ランタンというと、ガソリンや灯油、ガスのものが長く一般的で、その雰囲気は野営をしているなという趣にあふれたものでした。その昔、とある温泉地の大露天風呂で、特別に夜間の露天風呂を使わせていただいたことがあって、その際に大型のランタンの明かりを使って星見の露天風呂を楽しんだ思い出があります。そうしたものとは別に、長い間電池式のランタンというのは豆球や蛍光灯が主で、趣に乏しい上に電池も単一電池を沢山使っても長時間使えないなどいうこともあり、火事にならないように大きなテントの中で寝る前に使うという感じだったのではないかと思います。
となると、車中泊のため車の中でランタンを使うということになると、真っ先にガソリン・灯油・ガス式のランタンは諦めなければなりません。これは車自体がガソリンを満載した鉄の塊ということでもあるので、当然の成り行きとなります。
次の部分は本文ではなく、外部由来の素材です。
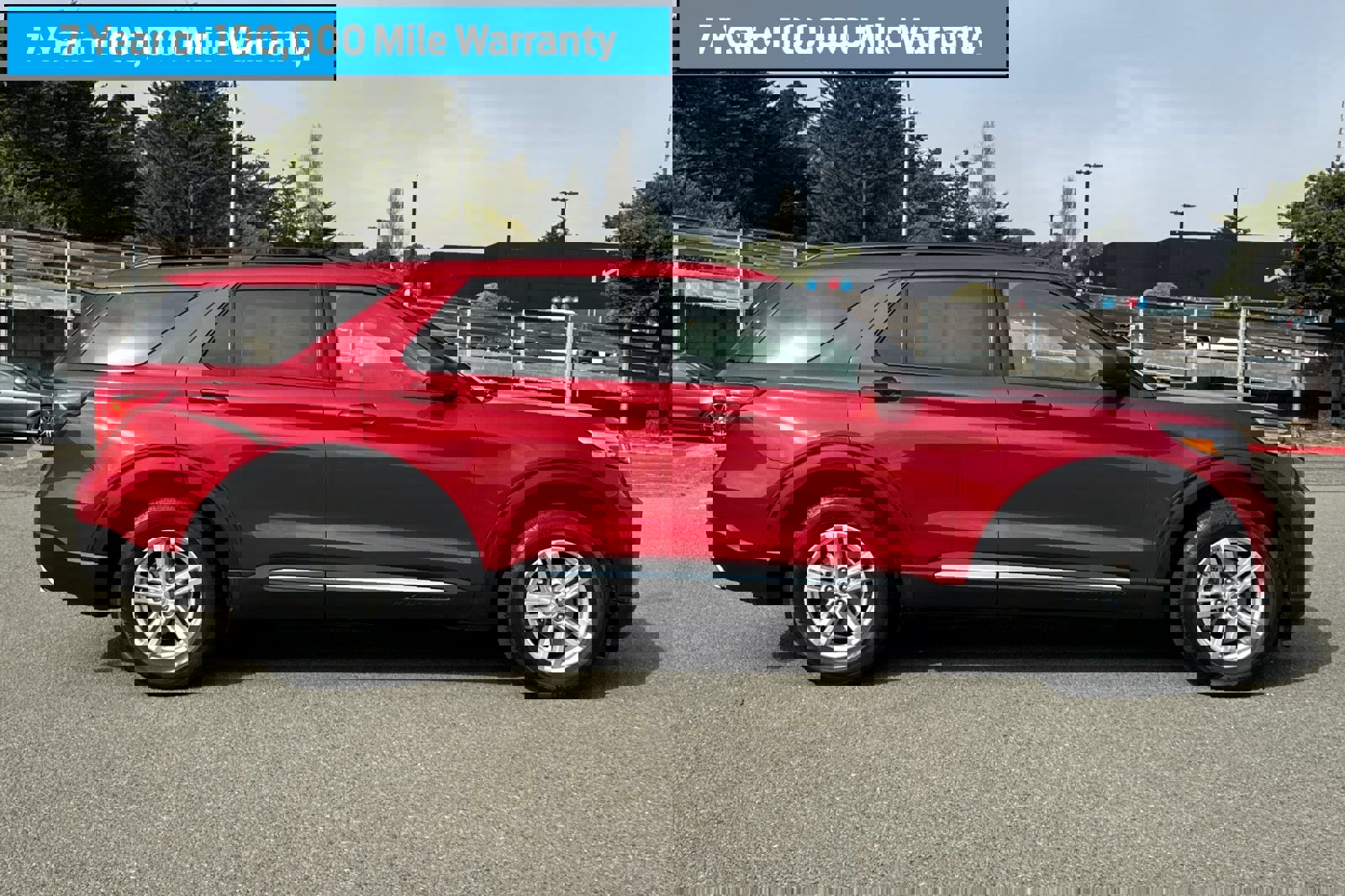 Certified 2022 Ford Explorer XLT w/ Equipment Group 202A image 3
それが当たり前の時期には、車内でランタンという選択肢すら私にはありませんでしたが、世の中というのは進歩するものです。火事の危険がなく、こうしたランタンの雰囲気が味わえるものはないかということで出てきたのが暖色系のLEDライトを使用した電池式ランタンだと言えるでしょう。LEDになり相当な明るさがありつつも消費電力も少なくて済むということになり、以前のように使い捨ての大きな電池の消費を増やす方向ではなく、充電して千回もの連続使用が可能な単三のニッケル水素電池に対応した製品も数々出てきています。
今回紹介するのは、大人が手にしてもちょっと余るくらいの大きさのEX-757MSです。実はこの他にも同じGENTOSから出ている電池式のランタンを持っているのですが、どれか一台に集約するとなると今のところ(2010年10月現在)はこちらのものになると思います。
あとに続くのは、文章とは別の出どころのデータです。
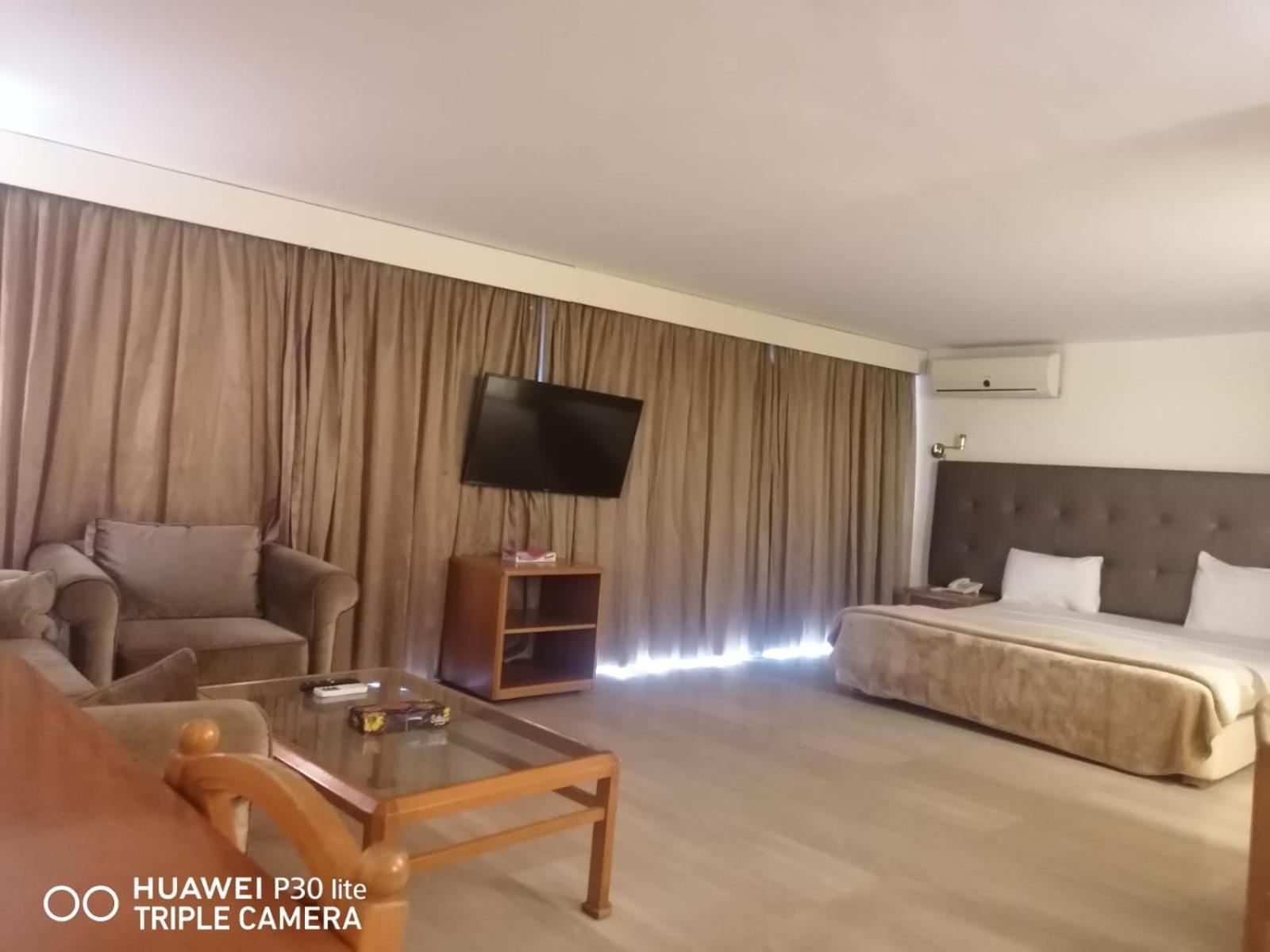 Charles Hotel Beirut Eksteriør billede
一つ目のポイントとしては、エネループやエボルタなどにの充電式ニッケル水素電池に対応しているということが挙げられます。未対応のランタンでは普通に使えるものの、多少でも電力が残っている場合、使い切るまで搾り出すように点灯し続けてしまうので、消すのを忘れてしまった場合に電池を傷めてしまい、最悪の場合以降使えなくなってしまうことも考えられます。これらニッケル水素電池対応のランタンの場合、一定の電圧より下がったら強制的に消灯されるようになっていますので安心は安心です。ただ、使っている側からすると十分に明るいから大丈夫だろうと思っていると、何の前ぶれもなく突然消えてしまう感じになるので、充電し忘れた電池の入ったものを持って行った場合、予備の充電池を常に用意しておかないと灯りがとれないという最悪の状況もありますのでご注意下さい。
二つ目からはこちらの機種に特有の特徴ですが、多くの単三電池を使ったランタンが3本という中途半端な構成になっているのですが、こちらは単三4本という一般的なパターンですので、もし充電池が切れたような場合でも4本単位で売っているアルカリ電池などを余らせずに使い切ることができます。多くのニッケル水素電池の販売方法や充電器の仕様でも、4本ずつになっていますので、電池の充電管理が楽だということがあります。
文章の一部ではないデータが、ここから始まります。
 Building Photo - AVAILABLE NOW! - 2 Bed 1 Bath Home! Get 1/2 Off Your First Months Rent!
最後に、このランタンはLED点灯部が本体にあるツマミで180度自由に回転するようになっていることでさまざまな使い方ができます。通常は点灯部は真下を向いていて、部屋全体を均等に照らせるようになっているのですが、これを上部まで180度回すと、手に持って懐中電灯として使えますし、本体に付いているフックで吊り下げれば電球を吊るしたような形になってテントや部屋などを照らすことができるのです。他のものでも同じように使えないことはないのですが、ねじ込んである部品を外さないとできなかったりして、暗闇で操作する事を考えるとツマミだけで簡単に使い方を変えられるこちらの方が便利です。光の方向を指定したい場合、ツマミを調節して範囲を絞ることもでき、車内の狭いスペースの一部のみを照らすような使い方もできなくはありません。
現状ではこのランタンは車には常備せず、部屋の枕元に置いています。電気を消した後、ちょっと周辺のものを見たりするには十分すぎるくらいの光量を保ちつつ、移動する際も懐中電灯代わりになるというのは、日常使いとともに災害時にも十二分に使えます。ちなみに、防水構造になっているので、外が雨である時や、露天風呂に夜入るような状況にも対応します。少々ゴツゴツしていて大きめというのがネックかも知れませんが、使い込めば使い込むほどその便利さに手放したくなくなる、そんな道具です。